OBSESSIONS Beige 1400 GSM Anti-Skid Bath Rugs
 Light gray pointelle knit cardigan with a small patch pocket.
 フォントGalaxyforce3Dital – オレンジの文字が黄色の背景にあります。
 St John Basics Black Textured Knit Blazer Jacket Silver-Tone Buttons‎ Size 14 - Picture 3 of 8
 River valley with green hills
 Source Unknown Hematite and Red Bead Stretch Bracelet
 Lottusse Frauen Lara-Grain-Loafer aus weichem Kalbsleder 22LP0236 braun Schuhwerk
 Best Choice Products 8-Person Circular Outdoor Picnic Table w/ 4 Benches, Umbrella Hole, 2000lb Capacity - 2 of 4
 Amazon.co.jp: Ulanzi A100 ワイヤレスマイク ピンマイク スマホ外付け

*WHAT IS NEEDED*
Your answer should be exactly the lines of the material above, starting at the one that holds "Lottusse Frauen Lara-Grain-Loafer" and ending with the last.

*ANSWER TO THIS EXERCISE*
 Lottusse Frauen Lara-Grain-Loafer aus weichem Kalbsleder 22LP0236 braun Schuhwerk
 Best Choice Products 8-Person Circular Outdoor Picnic Table w/ 4 Benches, Umbrella Hole, 2000lb Capacity - 2 of 4
 Amazon.co.jp: Ulanzi A100 ワイヤレスマイク ピンマイク スマホ外付け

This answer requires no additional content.